The Finnish statesman Juho Kusti Paasikivi was a leading proponent of the relationship between Finland and the Soviet Union that permitted Finland's postwar development. For decades, Paasikivi had been the leading noncommunist Finn advocating reconciliation with the Soviet Union. Before World War I, he had been on Old Finn and a Compliant, who advocated accommodation with Russification. In the negotiations over the Treaty of Dorpat in 1920, he had argued for drawing Finland's border farther away from Leningrad. In the fall of 1939, he had recommended giving in to some of the Soviet demands, because he considered the ensuing war avoidable. He had also opposed Finland's entry into the Continuation War.

As a former prime minister under the Finnish White government of 1918 and as a member of the Conservative National Coalition Party (Kansallinen Kokoomuspuolve--KOK), Paasikivi was politically an anticommunist. His lifelong study of history, however, convinced him that Finland's policies toward the Soviet Union needed to be governed by pragmatism. By late 1944, Finland's previous policy of antagonism to the Soviet Union had been shown to be counterproductive, because it had nearly led to Finland's extinction as an independent state. Summoned out of private life to serve -- first as prime minister from October 1944 to March 1946 and then as president from March 1946 to March 1956 -- Paasikivi established the policy of accommodation with the Soviet Union that, with time, became almost universally accepted among the Finns. The change in Finland's policy was so marked that some observers considered the post-1944 years to be the era of the "Second Republic."

The underlying assumption of Juho Kusti Paasikivi's foreign policy was that the Soviets could tolerate the existence of an independent Finland only because Finland was peripheral to the Soviet Union's main strategic interests in Central Europe. Paasikivi sought to reinforce that Soviet attitude by actively demonstrating that Finland would never again be a source of danger to the Soviet Union. The combination of traditional neutrality plus friendly measures toward the Soviets was known as the Paasikivi Line. Continued by Paasikivi's successor as president, Urho Kekkonen (in office 1956-81), the policy came to be known as the so-called Paasikivi-Kekkonen Line. It remained the foundation of Finland's foreign policy in the late 1980s.

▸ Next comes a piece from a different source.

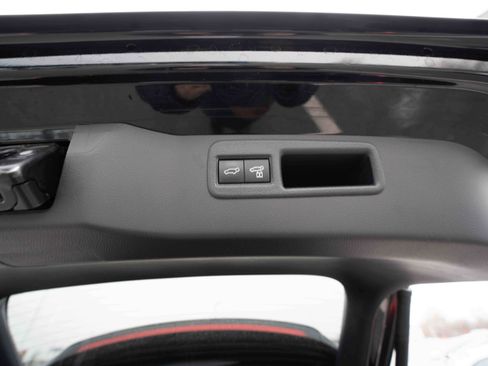 Used 2023 Toyota Venza XLE w/ Activity Package (TMS) image 29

Paasikivi's statesmanship was rewarded in 1955, when the Soviet Union returned the Porkkala Peninsula to Finland, well before the end of the fifty-year lease granted in 1944. The return of Porkkala ended the stationing of Soviet troops on Finnish soil, and it strengthened Finland's claim to neutrality. The Soviets also allowed Finland to take a more active part on the international scene. In December 1955, Finland was admitted to the United Nations (UN); in that same year Finland joined the Nordic Council (see Foreign Relations , ch. 4). In the three parliamentary elections held during Paasikivi's presidency--those of 1948, 1951, and 1954--the SDP and the ML received the largest number of votes and provided the basis for several of the government coalitions. These so-called Red-Earth coalitions revived the prewar cooperation between these parties and laid the basis for their subsequent cooperation, which was a major feature of Finnish politics after World War II. The communist-dominated SKDL retained some power because of domestic discontent; in the elections of 1951 and 1954, it won more than 20 percent of the vote.

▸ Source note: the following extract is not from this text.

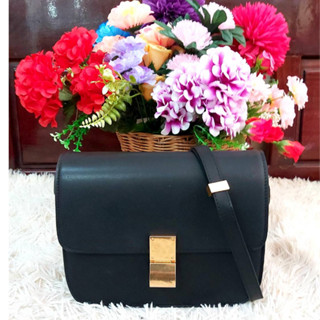 CELINE Classic Box Medium Black Leather Shoulder Bag มือสอง หนังแท้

Domestic politics during Paasikivi's presidency were characterized by conflict and instability. During those ten years, 1946 to 1956, there were nine government coalitions, nearly one per year. The issues that divided the parties and brought such frequent changes of government were primarily economic, centering on the rising cost of living. One early attempt to solve conflicts among the various sectors of the economy was the so-called General Agreement made in 1946 between the Confederation of Finnish Trade Unions (Suomen Ammattiyhdistysten Keskusliitto--SAK) and the Confederation of Finnish Employers (Suomen Ty÷nantajain Keskusliitto--STK). The General Agreement, which called for compulsory negotiations between labor and management, was used as a basis for reconciling industrial disputes. Another milestone was the Castle Peace Agreement of 1951 that brought together the main economic interest groups for a wage and price freeze that helped to establish a precedent for wage and price control. Nevertheless, throughout these years there were frequent strikes.

The intensity of the conflict over economic issues was demonstrated by the general strike of 1956, the first general strike in Finland since November 1917. The cause of the nineteen- day general strike was an increase in food prices for which the trade unions demanded a wage increase as compensation. When the employers refused the wage increase, the trade unions called the general strike. More than 400,000 workers--about one-fifth of the total work force--participated, the flow of various vital supplies was disrupted, and some violence occurred. The strike ended when the employers agreed to the wage increases demanded by the unions. These wage increases, however, were largely cancelled out by subsequent rises in consumer prices.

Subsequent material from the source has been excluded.